Task requirements
Which lines run from the one containing "Badezimmer - Ansicht 1" to the end of the entries below? Retype exactly those, both ends included.

Records excerpted from a collection

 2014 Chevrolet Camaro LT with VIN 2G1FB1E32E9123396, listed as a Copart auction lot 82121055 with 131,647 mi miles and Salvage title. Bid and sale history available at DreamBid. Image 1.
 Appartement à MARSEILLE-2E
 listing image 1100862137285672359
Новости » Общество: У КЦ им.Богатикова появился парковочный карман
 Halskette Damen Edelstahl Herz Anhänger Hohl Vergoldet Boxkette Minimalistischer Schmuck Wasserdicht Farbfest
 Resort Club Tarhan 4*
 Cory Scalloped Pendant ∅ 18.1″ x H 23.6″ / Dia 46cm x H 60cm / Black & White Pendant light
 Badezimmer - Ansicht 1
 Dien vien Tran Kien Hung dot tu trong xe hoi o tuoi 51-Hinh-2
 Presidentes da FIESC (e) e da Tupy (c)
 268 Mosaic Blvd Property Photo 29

Task output
 Badezimmer - Ansicht 1
 Dien vien Tran Kien Hung dot tu trong xe hoi o tuoi 51-Hinh-2
 Presidentes da FIESC (e) e da Tupy (c)
 268 Mosaic Blvd Property Photo 29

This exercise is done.